そういえば、通小町にとって、空を飛ぶのは初めてのようだ。
「かなりラピス城を空けてしまったからねえ。もう急いで戻らないと。この速さなら夕食までには戻れるだろう」
ヒッツガル師匠が身を引き締めてから、こちらへ微笑んだ。
俺は心配になって来た。
今になって、ガーネットが残ってくれて良かったと思う。
だけど、たった二人で大丈夫だろうか?
「ブルードラゴン! もっと速く! 急いでくれ!」
ブルードラゴンは、俺の言ったことを理解したのか更にスピードを上げた。視界にグングンと美しいラピス城が近づいてくる。もう、下は荒れ果てた草原だった。
「ひぃーーー! おのれ鬼窪ーーー! ウキ―――!」
捕虜の通小町があまりのスピードにキレた。
あと、捕虜といってもただ俺の前にちょこんと座っているだけだった。
この世界に手錠なんてものもはないしな……うん?
俺の目の前の聖女の恰好をした通小町のスカートが、風圧に耐えきれずに盛大に捲れてしまった。

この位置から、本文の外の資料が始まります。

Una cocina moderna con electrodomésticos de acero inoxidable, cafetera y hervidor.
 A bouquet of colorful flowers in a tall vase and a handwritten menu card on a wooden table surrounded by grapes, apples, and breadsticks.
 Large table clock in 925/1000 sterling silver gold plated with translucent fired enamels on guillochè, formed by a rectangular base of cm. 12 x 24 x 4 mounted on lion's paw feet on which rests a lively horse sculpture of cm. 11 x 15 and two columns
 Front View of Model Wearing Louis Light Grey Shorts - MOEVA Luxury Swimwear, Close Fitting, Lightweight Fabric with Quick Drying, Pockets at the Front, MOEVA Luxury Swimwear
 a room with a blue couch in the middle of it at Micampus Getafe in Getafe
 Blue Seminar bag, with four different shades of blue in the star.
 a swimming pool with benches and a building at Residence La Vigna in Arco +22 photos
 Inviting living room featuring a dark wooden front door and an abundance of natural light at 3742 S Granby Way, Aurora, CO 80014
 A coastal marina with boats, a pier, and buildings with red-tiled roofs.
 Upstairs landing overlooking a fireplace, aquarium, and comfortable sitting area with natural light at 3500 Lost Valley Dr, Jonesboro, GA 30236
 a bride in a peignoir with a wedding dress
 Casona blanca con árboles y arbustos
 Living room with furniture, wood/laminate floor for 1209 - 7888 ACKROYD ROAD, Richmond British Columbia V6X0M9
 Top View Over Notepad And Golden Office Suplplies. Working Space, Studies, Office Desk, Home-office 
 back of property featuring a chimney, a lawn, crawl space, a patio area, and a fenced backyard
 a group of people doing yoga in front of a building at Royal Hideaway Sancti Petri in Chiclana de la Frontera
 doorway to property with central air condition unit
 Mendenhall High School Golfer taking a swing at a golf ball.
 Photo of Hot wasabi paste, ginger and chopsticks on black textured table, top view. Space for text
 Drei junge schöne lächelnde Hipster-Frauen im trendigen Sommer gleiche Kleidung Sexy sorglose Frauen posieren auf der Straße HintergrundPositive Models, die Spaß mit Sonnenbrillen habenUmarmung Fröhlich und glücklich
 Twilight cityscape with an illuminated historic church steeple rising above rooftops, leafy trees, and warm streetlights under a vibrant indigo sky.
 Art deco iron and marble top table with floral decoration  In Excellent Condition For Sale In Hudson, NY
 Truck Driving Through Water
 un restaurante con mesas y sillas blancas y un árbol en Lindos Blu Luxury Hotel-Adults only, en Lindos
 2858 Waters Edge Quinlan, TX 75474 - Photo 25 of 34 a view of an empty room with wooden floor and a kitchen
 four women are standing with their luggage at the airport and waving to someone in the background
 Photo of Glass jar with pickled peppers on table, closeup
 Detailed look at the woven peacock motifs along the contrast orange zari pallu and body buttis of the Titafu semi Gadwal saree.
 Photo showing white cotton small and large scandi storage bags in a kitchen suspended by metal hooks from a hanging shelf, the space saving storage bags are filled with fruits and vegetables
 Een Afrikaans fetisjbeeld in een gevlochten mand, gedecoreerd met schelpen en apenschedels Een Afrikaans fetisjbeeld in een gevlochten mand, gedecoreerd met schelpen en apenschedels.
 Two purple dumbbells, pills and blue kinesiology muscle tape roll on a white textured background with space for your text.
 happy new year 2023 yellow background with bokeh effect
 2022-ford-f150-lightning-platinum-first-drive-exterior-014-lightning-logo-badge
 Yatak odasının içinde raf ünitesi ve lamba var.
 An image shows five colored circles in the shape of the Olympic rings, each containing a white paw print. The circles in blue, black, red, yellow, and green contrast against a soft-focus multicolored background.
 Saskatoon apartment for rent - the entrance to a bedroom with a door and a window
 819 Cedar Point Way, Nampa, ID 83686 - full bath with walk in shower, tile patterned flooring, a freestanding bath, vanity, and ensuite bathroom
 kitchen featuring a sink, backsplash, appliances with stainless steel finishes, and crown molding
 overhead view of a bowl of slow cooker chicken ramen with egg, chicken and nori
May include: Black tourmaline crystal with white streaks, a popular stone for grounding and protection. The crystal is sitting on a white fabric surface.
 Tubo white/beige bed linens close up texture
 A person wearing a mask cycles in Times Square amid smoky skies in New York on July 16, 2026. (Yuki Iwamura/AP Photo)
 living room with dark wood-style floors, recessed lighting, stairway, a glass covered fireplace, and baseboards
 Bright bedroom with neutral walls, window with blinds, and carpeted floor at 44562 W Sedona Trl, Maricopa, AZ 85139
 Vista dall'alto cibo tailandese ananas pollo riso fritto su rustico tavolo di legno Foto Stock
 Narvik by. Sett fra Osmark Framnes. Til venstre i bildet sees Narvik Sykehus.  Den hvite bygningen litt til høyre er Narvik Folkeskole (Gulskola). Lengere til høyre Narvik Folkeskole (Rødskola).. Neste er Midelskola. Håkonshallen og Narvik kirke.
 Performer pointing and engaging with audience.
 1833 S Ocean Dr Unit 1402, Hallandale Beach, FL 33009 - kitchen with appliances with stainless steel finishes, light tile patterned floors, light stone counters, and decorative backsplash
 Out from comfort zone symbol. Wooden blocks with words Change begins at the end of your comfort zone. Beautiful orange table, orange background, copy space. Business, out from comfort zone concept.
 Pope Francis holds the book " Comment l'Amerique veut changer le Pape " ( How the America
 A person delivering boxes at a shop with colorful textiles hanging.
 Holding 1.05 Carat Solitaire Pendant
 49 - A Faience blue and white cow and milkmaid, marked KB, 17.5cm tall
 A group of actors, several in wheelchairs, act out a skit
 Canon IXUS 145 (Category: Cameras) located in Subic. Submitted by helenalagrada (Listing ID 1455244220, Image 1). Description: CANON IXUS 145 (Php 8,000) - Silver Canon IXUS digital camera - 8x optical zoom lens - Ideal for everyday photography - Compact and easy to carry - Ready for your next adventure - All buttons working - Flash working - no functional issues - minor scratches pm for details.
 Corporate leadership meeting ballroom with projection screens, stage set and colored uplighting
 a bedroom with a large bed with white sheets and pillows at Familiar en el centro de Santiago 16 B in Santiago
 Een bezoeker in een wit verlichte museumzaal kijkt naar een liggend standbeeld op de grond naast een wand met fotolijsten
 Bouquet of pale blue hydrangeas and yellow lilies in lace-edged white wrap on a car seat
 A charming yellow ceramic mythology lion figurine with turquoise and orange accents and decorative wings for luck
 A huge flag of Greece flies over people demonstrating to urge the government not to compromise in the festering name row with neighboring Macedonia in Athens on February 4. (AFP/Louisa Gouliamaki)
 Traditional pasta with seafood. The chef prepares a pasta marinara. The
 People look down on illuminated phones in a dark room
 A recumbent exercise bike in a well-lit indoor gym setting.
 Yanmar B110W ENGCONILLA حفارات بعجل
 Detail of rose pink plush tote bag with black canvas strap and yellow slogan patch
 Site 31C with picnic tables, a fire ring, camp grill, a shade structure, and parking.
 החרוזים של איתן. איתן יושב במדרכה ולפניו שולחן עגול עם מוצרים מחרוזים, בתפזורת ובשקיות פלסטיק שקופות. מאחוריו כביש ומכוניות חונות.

ヒッツガル師匠はマルガリータと話し込んでいるから、何も見ていなかったが……俺だけピンク色に顔を真っ赤にした。
「鬼窪! 見―たーなー!」
鬼の形相で振り向いた通小町は、右手を思いっ切り振り上げる。
結果。高度600メートルでのビンタは俺を失神寸前にまで追い込んだ……。
「ブルードラゴン! 偉い! もうラピス城よ!」
「ああ……さっき、マルガリータと話していたんだが、ラピス城……正確にはグレード・シャインライン国を狙う強国は、東方のクシナ要塞、北方のトルメル城と白の騎士の国、南方のサンポアスティ国が残っている。いずれも伝説級の強国だぞ!」
下方のラピス城の橋の上はすでに激しい戦争中だった。
「わかった! すぐに降りよう!」
黒煙が舞い上がり、激しい怒号のする橋の上。一体、今度はどこの国が攻めてきたんだろう?
俺は神聖剣を構えて、マルガリータに合図を送った。ブルードラゴンはすぐにキレるからある意味危険だった。
「了解! じゃあ、飛ぶわよ! 鬼窪くん。お師匠は通小町さんをお願いしますね!」
大きな箒にマルガリータと俺は乗った。